New England vs. New York Giants (Pick at the end of column)
I've been waffling on this pick for the last two weeks, trying to decide exactly how this game is going to go. Ideally, it's a close, tight, back and forth game the entire way, with one team scoring late to win the game. Then again, it is the Super Bowl, and they haven't been particularly entertaining as of late.

New England has been scary good at times this season, but has shown some kinks in the armor in recent weeks, and haven't covered the spread in a month. Some people blame that fact on the weather and the fact New England has gome to more of a power running game, getting away from the wide open spread passing attack they opened the season in. While i agree they have been running more, i'm not convinced it's because of the weather. Either way, inside University of Phoenix stadium will be no weather conditions, so if the Patriots choose to throw down the field, they won't have problems from that.
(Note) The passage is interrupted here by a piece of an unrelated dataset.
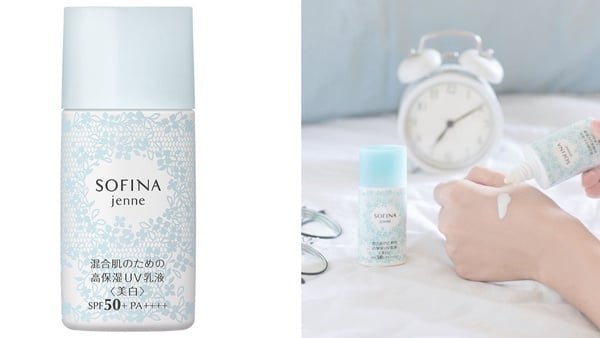 控油防曬推薦3:SOFINA透美顏 美白保濕防曬乳 SPF50+++,30ml,NT$425元(參考寶雅售價)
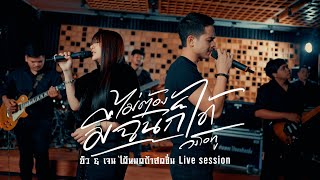 ไม่ต้องมีฉันก็ได้ - ยิว&เจน ได้หมดถ้าสดชื่น Live session【original 】: วงโอทู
The Giants, however, have been an enigma most of the season. Playing spectacularly bad at times, including a 41-17 drubbing at the hands of the Vikings at home. They also have played solidly well at other times, especially late this year into the playoffs. The change, as everyone loves to point out, has been Eli Manning and his play. Eli has always been a bit inconsistent, but the last four games has been very good, limiting his mistakes and making some great throws.

As many people do, i believe this game comes down to the play of Eli. As he goes, so go the Giants. The key is how much pressure he receives. When he has time to sit back in the pocket and scan the field, he has the ability to pick apart the defense. When he is under constant pressure, he gets happy feet and has a tendency to force things and make mistakes. Witness the above-mentioned Vikings game, who pressured Eli early and often, forcing him into three INT's, two of which were returned for TD's. The Vikings had a gameplan to go all out after Eli, and it worked to near perfection.

Bill Belichick is a master at preparing for teams, esepcially given two weeks to do it. While his penchant this season has been to play mostly straight up defense for three quarters, then bring pressure and blitzes in the 4th has worked all season, i expect him to mix it up in this game. He has seen how well Eli has been playing, and he has no doubt seen what getting to him early does to him.

I expect the Patriots to come out throwing as well, trying to get an early lead to force Eli and the Giants to play catch-up. While i think they will stick to their gameplan and power run it even down one score, if the Giants get down a couple of scores they may be forced to air it out. If that happens, Eli will have to play a near-perfect game in order to just keep it close. He did that the last time these two teams met, in the final regular-season game of the season. I'm sure Belichick has also studied that game and will try some new things on defense.

As i said, i expect the Patriots to come out looking to score early and often, which i also believe they will be able to do. That, combined with the pressure i expect them to bring on Eli as much as possible, should force the Giants into making some mistakes and getting behind big early. Once that happens, it will be all over for New York. That's why my pick is:

New England -12 over New York Giants.